Android Market, czyli to, co tygryski lubią najbardziej

Aplikacja Android Market po uruchomieniu prezentuje ikony polecanych pozycji, 2 główne kategorie: Aplikacje i Gry, opcję Szukaj oraz Pobrane elementy. Po wyborze danej aplikacji pojawia się opis programu (niestety anglojęzyczny), a pod nim recenzje - co ciekawe na pierwszym miejscu pojawiają się polskie recenzje, których nie brakuje. Zabrakło za to zrzutów ekranu, o które aż by się prosiło. Gdy naciśniemy Zainstaluj, pojawia się lista komunikatów ostrzegawczych, dotyczących dostępu nowego programu do różnych zasobów telefonu np. "Połączenia sieciowe", "Informacje osobiste", "Twoje położenie" etc. Po naciśnięciu OK następuje pobieranie programu, prezentowane ikoną na górnej belce oraz suwakiem w panelu powiadomień. Pobranie aplikacji oznacza jednocześnie jej zainstalowanie. Programy zajmują bardzo mało miejsca i nawet przy słabej jakości transmisji EDGE instalowane są zaskakująco szybko. Pozorna ubogość kategorii okazuje się mylna i wchodząc do Aplikacji czy Gier naszym oczom ukazują się dodatkowe grupy jak Finanse czy Produktywność czy Multimedia. Możemy też zobaczyć wszystkie aplikacje. Niezależnie gdzie jesteśmy w strukturze kategorii, programy można posortować według popularności lub według daty dodania - szczególnie ten pierwszy wariant pozwala na nieominięcie najważniejszych pozycji.



Wśród tych ważnych programów znajduje się program ASTRO, będący menadżerem plików, którego zabrakło w standardowym oprogramowaniu. Znajdziemy tu też aplikacje Opera Mini, Facebook, Shazam, program do nawigacji głosowej AndNav2, wykrywacz metali (!) Metal Detector, edytor dzwonków Ringdroid czy skaner kodów kreskowych Barecod Scaner i setki innych przydatnych pozycji.
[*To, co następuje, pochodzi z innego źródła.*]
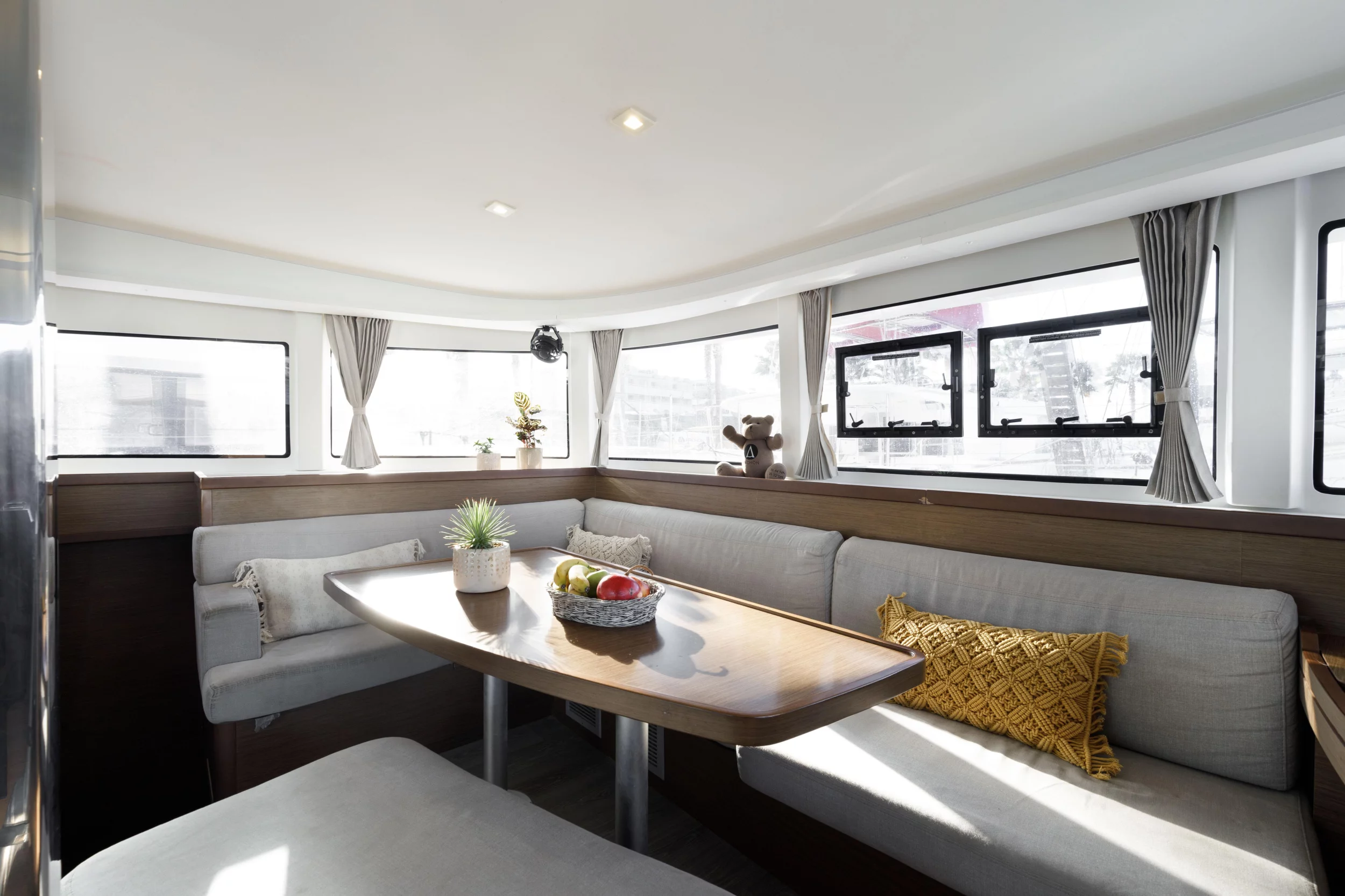 Lagoon 42 (Blade) Interior image - 10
Marudzić można na gry, które mimo nie słabszej platformy sprzętowej wyglądają bardzo marnie względem tych z App Store Apple’a czy z Nokia N-gage. Pamiętać należy jednak, że rozmawiamy o bezpłatnych grach, a te również na Nokie i iPhone’y rzadko porażają jakąś rozbudowaną grafiką. Ciekawym zjawiskiem jest przepływ aplikacji między platformami - to, co znaleźć można na Symbianie S60 piątej edycji, znajdziemy w większości przypadków popularnych aplikacji również na Androidzie i na iPhone’ach. Owszem, zdarzają się także perełki jak np. wspomniany wykrywacz metali na Androidzie, jednak większość programów szybko migruje i to nawet w kilku wariantach. Biorąc pod uwagę polskie realia, kurs euro i często absurdalną politykę Apple’a - bardziej przypadł mi do gustu Android Market aniżeli App Store czy analogiczne rozwiązanie Nokii.
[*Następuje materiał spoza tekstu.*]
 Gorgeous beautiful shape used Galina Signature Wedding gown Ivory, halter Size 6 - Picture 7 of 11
Internet, wiadomości i o wydajności słów kilka

"Magiczny" telefon HTC wyposażony został zarówno w moduł łączności HSPA jak i w WiFi. W przypadku transmisji pakietowej maksymalna prędkość HSDPA to aż 7,2 Mb/s, a HSUPA - 2 Mb/s. O ile tak nowoczesne moduły HSPA stają się powoli standardem w przypadku produktów HTC, o tyle Nokia rzadko oferuje więcej niż 3,6 Mb/s, a Apple w iPhonie 3G zaoferował HSDPA do 1,8 Mb/s. Efekty szybszego modułu HSPA są wyraźnie odczuwalne. Telefon otwiera strony znacznie szybciej niż produkt Apple’a, a dokładając do tego większą ogólną wydajność przeglądarki - szybciej jest także przy połączeniu WiFi.